I am deeply honored for this great opportunity to collaborate with an award-winning artist/writer of the stature of Hiroyuki Takei. I enthusiastically expect that the combination of an American story-telling style merged with Takei-san's acclaimed Japanese style will result in our joint creation Ultimo presenting an original, exciting type of manga that will appeal to comic book fans around the world.
— Stan Lee, quoted from press release.

On the same day as the release, Viz hosted a press event in the Shonen Jump panel, attended by Stan Lee, Takanori Asada (Jump Square editor), and Marc Weidenbaum (Shonen Jump editor-in-chief) at the 2008 New York Comic Con. Two promotional art pieces by Hiroyuki Takei were created, one with Ultimo and the other with Dr. Dunstan both including the manga's logo. "I'm so happy that we can work with such a great creator as Stan Lee. I am so happy that two great actors are working together, and I know that Ultimo will be a great work", said Takanori Asada at the press event.

==Manga==

The 32-page pilot chapter "Karakuridôji Ultimo Chapter: 0" premiered in the first issue of Jump SQ.II on April 18, 2008, with the first three pages in full color. The first three pages were earlier revealed as part of a preview for Jump SQ. II on Shueisha's S-Manga.Net. "Chapter: 0" was later adapted into English by Viz Media, and published in the September 2008 issue of their Shonen Jump manga anthology, which went on sale on August 5, 2008.
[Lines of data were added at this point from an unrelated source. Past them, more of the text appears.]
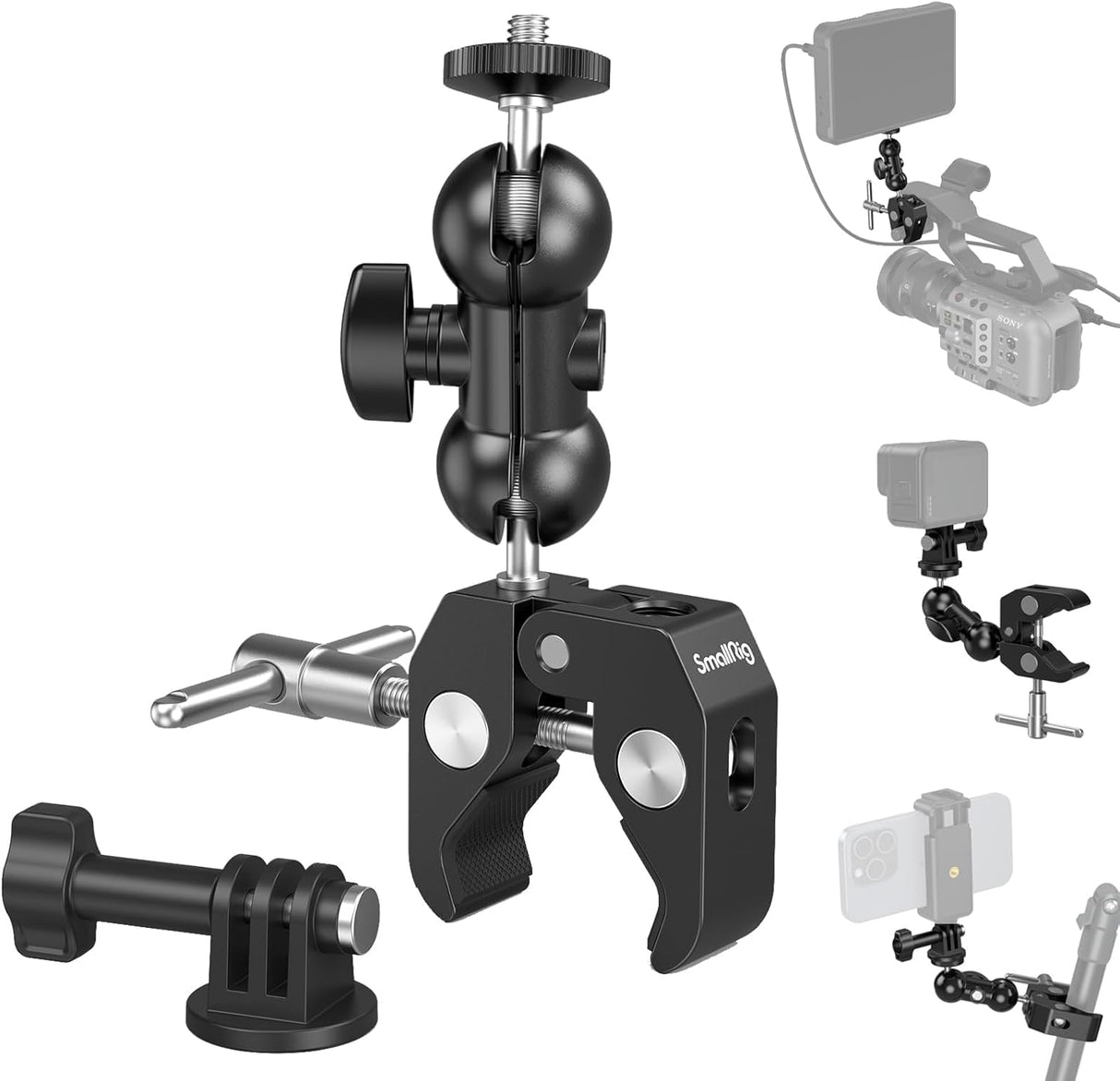 SMALLRIG Upgrade Camera Mount Clamp, Double Ball Head Magic Arm with Clamp, Super Clamp with Non-slip Threads, Load Capacity 1.5kg for Gopro, Webcam, Camera, Monitor and Light -1138B.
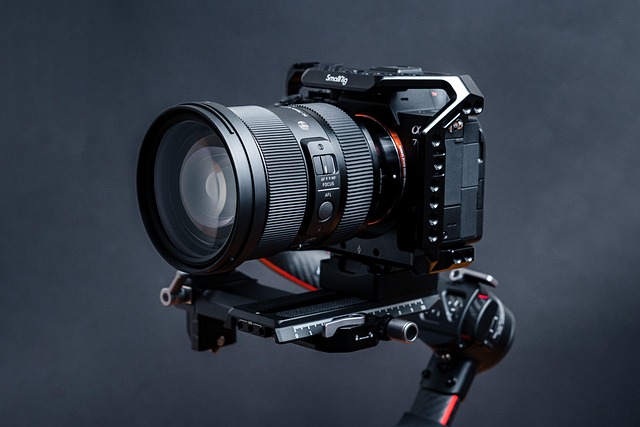 professional video camera on tripod with shot list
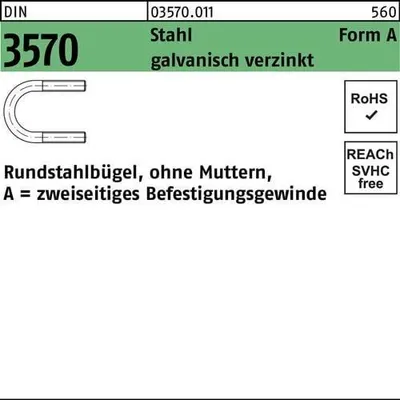 Produktbild von Reyher  Rundstahlbügel DIN3570 St. A 94/NW 80 M 12 vz (50 Stück)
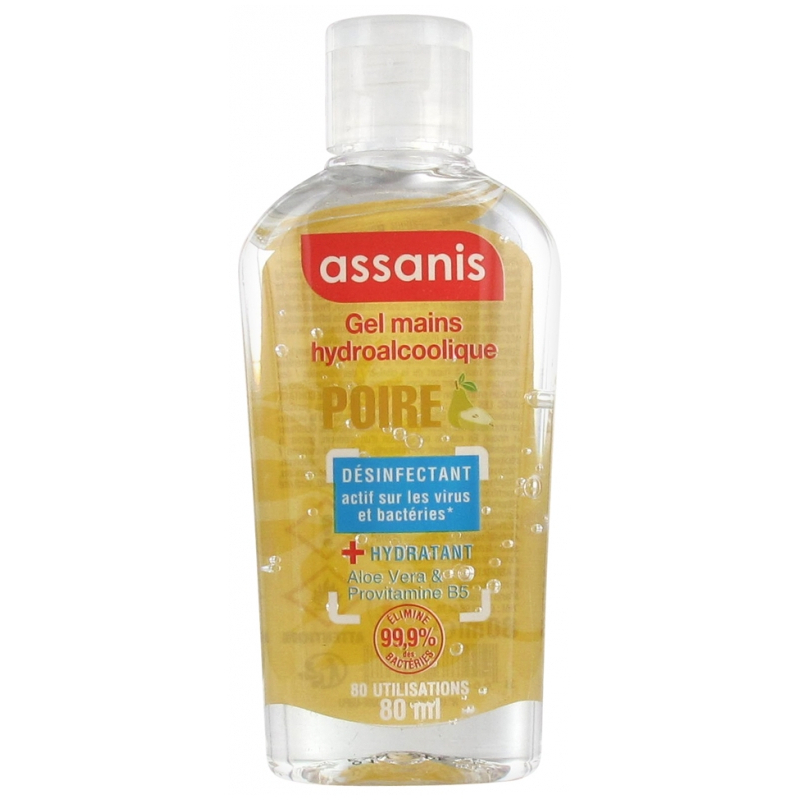 Assanis Pocket Gel Hydroalcoolique Sans Rinçage pour les Mains  Senteur : Poire - 80 ml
The main series Ultimo continued publication in the main Jump Square anthology, beginning serialization in its March 2009 issue. Viz Media has licensed the series for North American distribution in Shonen Jump, and it was serialized starting in its July 2009 issue.

==Reception==

The English translation of the Ultimo pilot chapter was reviewed by Leroy Douresseaux of Comic Book Bin. "This prologue of Ultimo doesn't really offer enough to evaluate it, except to say that the dialogue and exposition are awkward and clunky enough to seem like the work of an amateur rather than a seasoned veteran" said Leroy Douresseaux. Leroy referred to Ultimo as a blend of mecha manga, Dragon Ball, and Green Lantern. "I'm too intrigued to be disappointed by what I read. Stan Lee's best work was created when he riffed off unique and powerfully imaginative creators (Jack Kirby and Steve Ditko), so I'm curious to see what this combo of Lee and a manga-ka like Takei can do."